Richard Warren Sears (18631914) and his partner A. C. Roebuck founded the first large-scale mail-order business in the United States and one of the world's largest retail stores. The company's extensive catalog eventually became a fixture in U.S. homes and changed the way people shopped. The company also helped foster the growth of the mail-order industry worldwide.

Richard Sears was born on December 7, 1863, in Stewartville, Minnesota, to Eliza A. Benton and James Warren Sears, a successful wagon maker. When Richard was 15, his father lost his substantial fortune in a stock farm venture; his father died two years later. Young Richard then took a job in the general offices of the Minneapolis and St. Paul Railroad to help support his widowed mother and his sisters.

Once he had qualified as a station agent Sears asked to be transferred to a smaller town in the belief that he could do better there financially than in the big city. Eventually he was made station agent in Redwood Falls, Minnesota, where he took advantage of every selling opportunities that came his way. He used his experience with railroad shipping and telegraph communications to develop his idea for a mail-order business.

In 1895 Sears married Anna Lydia Mechstroth of Minneapolis and they had three children. Sears retired from business in 1909 and lived his remaining years on his farm north of Chicago before his death on September 28, 1914.

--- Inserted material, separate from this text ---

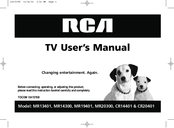 RCA MR20300 User Manual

The man who was known as the "P. T. Barnum of merchandising" had a humble and unremarkable start in business. As a railroad station agent in a small Minnesota town, Sears lived modestly, sleeping in a loft right at the station and doing chores to pay for his room and board. Since his official duties were not time consuming, Sears soon began to look for other ways to make money after working hours. He ended up selling coal and lumber and he also shipped venison purchased from Native American tribes.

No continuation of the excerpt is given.